Current issue

Vol.26 No.4

Vol.26 No.4

Volumes

© 1984-2017
British APL Association
All rights reserved.

Archive articles posted online on request: ask the archivist.

archive/25/1

Volume 25, No.1

Cryptography in Dyalog APL and .Net

Dan Baronet (danb@dyalog.com)

Cryptography and how to use it in Dyalog APL and .Net. This is only an introduction to the subject. The functions presented here are only to play with.

Cryptography deals with Encryption and Decryption. Encryption is the process of converting ordinary data (plaintext) into unreadable form (ciphertext). Decryption is the reverse. A cipher is a pair of algorithms to create the encryption and the decryption. The algorithms are controlled by a key or by a pair of keys. Ciphers without a key can be easily broken (knowing the cipher) so keys are very important. Ciphers can be used directly for encryption or decryption without additional procedures but it is a good idea to add authentication or integrity checks to make them more secure. Another category of algorithms, used for hashing, do not have a key. All these algorithms are the primitives of cryptography.

Symmetric-key algorithms

Symmetric-key cryptography refers to encryption methods in which both the sender and receiver share the same key. They come in several flavours, some with better security in one aspect or another than others.
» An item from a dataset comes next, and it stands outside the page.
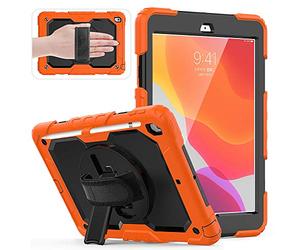 Lobwerk Walindamedia Étui de protection 4 en 1 pour Apple iPad 7ème génération 2019 10,2" avec film de protection d'écran, dragonne et bandoulière Orange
There are two main types: block ciphers and stream ciphers.

Block ciphers work in sections (block) and include the Data Encryption Standard (DES) and the Advanced Encryption Standard (AES), designs which have been designated standards by some governments. Despite its deprecation, DES and the more secure triple-DES variant remain quite popular and are used across a wide range of applications. Many other such ciphers have been designed and released, with considerable variation in quality. Many have been cracked.
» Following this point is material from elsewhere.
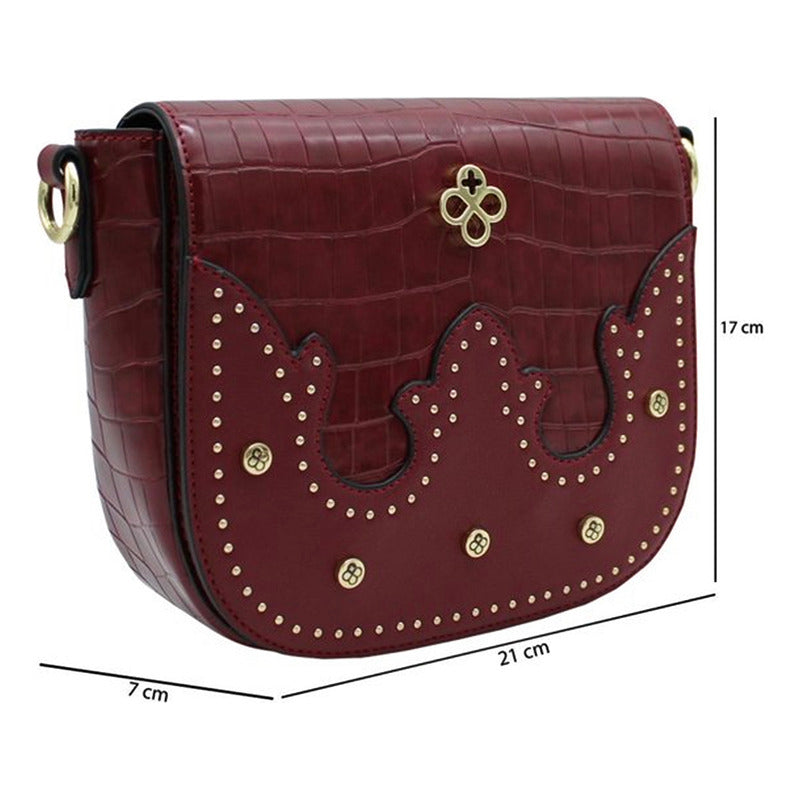 Bolso Crossbody Para Mujer Mod. Ji2226 Marca Jaime Ibiza® Bordó Craquelado Dorado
These block cipher algorithms can directly be used for the encryption and decryption of a data block without additional procedures. However, this is usually not advisable, because identical plaintext blocks encrypt into identical ciphertext blocks, out of which attackers might draw conclusions. To avoid this, these algorithms are used in operation modes, which is somewhat similar to the use of APL primitives in APL operators. Padding schemes can be used on the last block to allow the encryption of plaintexts not matching a multiple of the block size.
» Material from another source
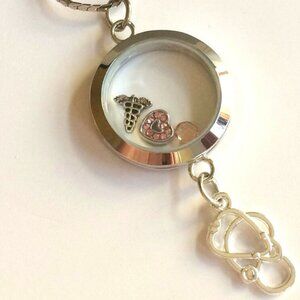 Medical Nursing Necklace Caduceus Stethoscope Memory Locket Gift RN MD LPN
Other modes convert a block cipher into a stream cipher. These can continuously encrypt data on a byte or even a bit basis. It is common to all these modes to require (besides the key) an initialization vector (IV). This is a randomly chosen byte sequence in the length of a block.

Symmetric-key systems use the same key for encryption and decryption. A drawback of symmetric ciphers is the key management necessary to use them securely. Each distinct pair of communicating parties must, ideally, share a different key, and perhaps each ciphertext exchanged as well. The number of keys required increases as the square of the number of network members, which very quickly requires complex key management schemes to keep them all straight and secret. The difficulty of securely establishing a secret key between two communicating parties, when a secure channel doesn't already exist between them, also presents a chicken-and-egg problem. So, in practice, most uses have a short life cycle.

Asymmetric or public-key cryptography

In 1976 was proposed the notion of public-key cryptography in which two different but mathematically related keys are used: a public key and a private key.

In this system, the public key may be freely distributed, while its paired private key must remain secret. The public key is typically used for encryption only, while the private or secret key is used for decryption.

In addition to encryption, public-key cryptography can be used to implement digital signature schemes. A digital signature is reminiscent of an ordinary signature; they both have the characteristic that they are easy for a user to produce, but difficult for anyone else to forge. Digital signatures can also be permanently tied to the content of the message being signed; they cannot then be 'moved' from one document to another, for any attempt will be detectable. In digital signature schemes, there are two algorithms: one for signing, in which a secret key is used to process the message (or a hash of the message, or both), and one for verification, in which the matching public key is used with the message to check the validity of the signature. RSA and DSA are two of the most popular digital signature schemes.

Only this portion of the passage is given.